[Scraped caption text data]
───

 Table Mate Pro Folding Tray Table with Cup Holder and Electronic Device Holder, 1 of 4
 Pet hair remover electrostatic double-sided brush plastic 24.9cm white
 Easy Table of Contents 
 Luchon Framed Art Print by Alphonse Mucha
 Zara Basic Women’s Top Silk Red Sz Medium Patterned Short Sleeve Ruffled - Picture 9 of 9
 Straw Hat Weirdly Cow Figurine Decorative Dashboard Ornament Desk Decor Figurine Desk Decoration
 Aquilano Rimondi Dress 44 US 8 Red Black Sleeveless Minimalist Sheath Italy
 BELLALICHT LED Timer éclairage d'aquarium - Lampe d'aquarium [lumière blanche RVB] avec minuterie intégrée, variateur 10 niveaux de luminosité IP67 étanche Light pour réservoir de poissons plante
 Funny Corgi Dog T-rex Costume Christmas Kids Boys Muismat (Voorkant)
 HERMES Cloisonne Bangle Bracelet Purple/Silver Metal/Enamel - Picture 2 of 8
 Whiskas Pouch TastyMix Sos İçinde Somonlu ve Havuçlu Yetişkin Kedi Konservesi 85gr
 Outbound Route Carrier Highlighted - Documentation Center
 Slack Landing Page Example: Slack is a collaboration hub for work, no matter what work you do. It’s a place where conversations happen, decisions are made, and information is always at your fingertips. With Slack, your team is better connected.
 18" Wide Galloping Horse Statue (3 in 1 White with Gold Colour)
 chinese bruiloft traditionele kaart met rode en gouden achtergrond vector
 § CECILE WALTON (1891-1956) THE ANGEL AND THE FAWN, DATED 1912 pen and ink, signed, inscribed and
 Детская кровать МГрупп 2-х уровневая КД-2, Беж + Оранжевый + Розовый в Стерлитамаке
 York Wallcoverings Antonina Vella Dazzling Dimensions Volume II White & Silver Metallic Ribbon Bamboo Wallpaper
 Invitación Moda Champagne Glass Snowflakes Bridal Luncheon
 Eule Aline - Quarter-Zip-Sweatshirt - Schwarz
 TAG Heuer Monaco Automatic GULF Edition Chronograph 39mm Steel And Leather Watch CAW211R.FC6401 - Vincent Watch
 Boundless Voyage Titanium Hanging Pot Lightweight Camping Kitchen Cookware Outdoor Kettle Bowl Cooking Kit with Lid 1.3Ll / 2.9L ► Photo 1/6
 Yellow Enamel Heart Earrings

───

=== PROBLEM STATEMENT ===
Output exactly what runs from the line with "Outbound Route Carrier" to the final line above, both lines included, and nothing else.

=== REPLY TO THE TASK ===
 Outbound Route Carrier Highlighted - Documentation Center
 Slack Landing Page Example: Slack is a collaboration hub for work, no matter what work you do. It’s a place where conversations happen, decisions are made, and information is always at your fingertips. With Slack, your team is better connected.
 18" Wide Galloping Horse Statue (3 in 1 White with Gold Colour)
 chinese bruiloft traditionele kaart met rode en gouden achtergrond vector
 § CECILE WALTON (1891-1956) THE ANGEL AND THE FAWN, DATED 1912 pen and ink, signed, inscribed and
 Детская кровать МГрупп 2-х уровневая КД-2, Беж + Оранжевый + Розовый в Стерлитамаке
 York Wallcoverings Antonina Vella Dazzling Dimensions Volume II White & Silver Metallic Ribbon Bamboo Wallpaper
 Invitación Moda Champagne Glass Snowflakes Bridal Luncheon
 Eule Aline - Quarter-Zip-Sweatshirt - Schwarz
 TAG Heuer Monaco Automatic GULF Edition Chronograph 39mm Steel And Leather Watch CAW211R.FC6401 - Vincent Watch
 Boundless Voyage Titanium Hanging Pot Lightweight Camping Kitchen Cookware Outdoor Kettle Bowl Cooking Kit with Lid 1.3Ll / 2.9L ► Photo 1/6
 Yellow Enamel Heart Earrings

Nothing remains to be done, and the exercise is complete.